While he maintains “there’s a deeply prayerful aspect” to holiness, Lowney said that Francis shows that it is also “a call to be in the world.”

At the five-year mark of the Francis papacy, Lowney said that while the pope was elected on a reform mandate — tasked to clean-up the Roman curia — Francis is well aware that “structural and organizational reforms come second,” only after cultural reform.

For Lowney, the overwhelming majority of Catholics are just looking to have a positive experience of the Church, often first encountered at the parish level.

“Millions of people have left the Catholic Church, and none of them left because the Vatican bank was a mess,” he told Crux. “And they’re not going to come back because it gets fixed…the action is always out in the field. And we’ve gotten stuck with people looking back to headquarters.”

In some quarters, Francis has been sharply criticized for either not understanding the world of business or having little use for it.
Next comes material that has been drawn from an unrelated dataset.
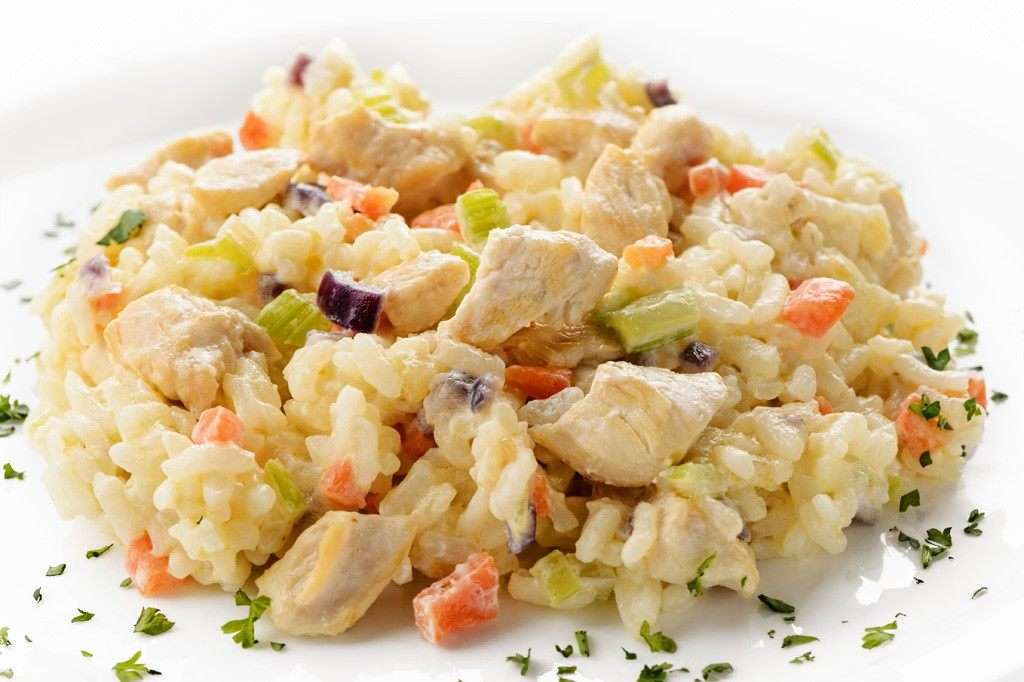 Вариант ризотто с курицей овощами и сыром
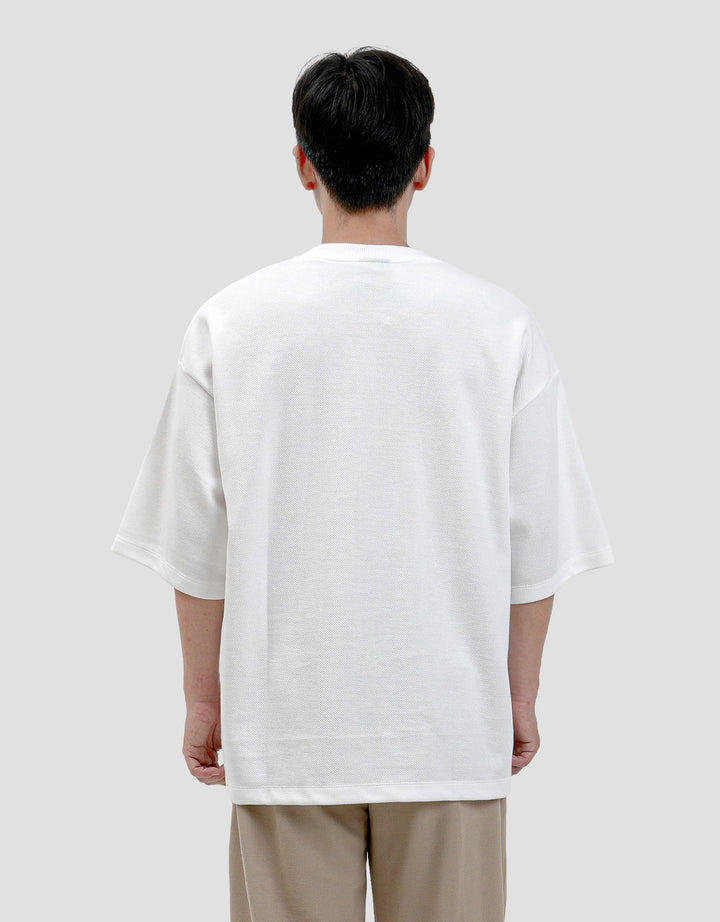 Nevada Texture Pocket Kaos Oversize Pria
Lowney said that some of those criticisms may be fair, but often miss the mark.

“He’s spent a lot of his time working with and being present to people who are marginalized by the global economy,” Lowney said. “I think he is and was one hundred percent within his rights to say this style of economy is not working for millions and millions of people. And I think that should be a thorn in the side of all Catholic business people and others involved in political economy.”

“If I had as much faith in God as people have in the free market, I’d be a mystic,” he added.

Yet rather than getting caught up in intra-Church politics and inside baseball, Lowney is far more interested in initiatives that engage disaffiliated members of the Church and give them reason to give the Church another chance.

One example — described by Lowney as a “brilliant stroke” — was a March 19-24 meeting of young people ahead of the October Synod of Bishops on Young People, Faith, and Vocational Discernment, where more than 300 young people from around the world came to the Vatican and drafted the document that will eventually set the agenda for the fall gathering.

“The thing that struck me most powerfully…is that it wasn’t like they were complaining,” said Lowney, “Basically the tone of it was ‘give us a little rope here, we can help.’”

“That’s exactly what’s needed,” said Lowney, and “exactly the thing to do.”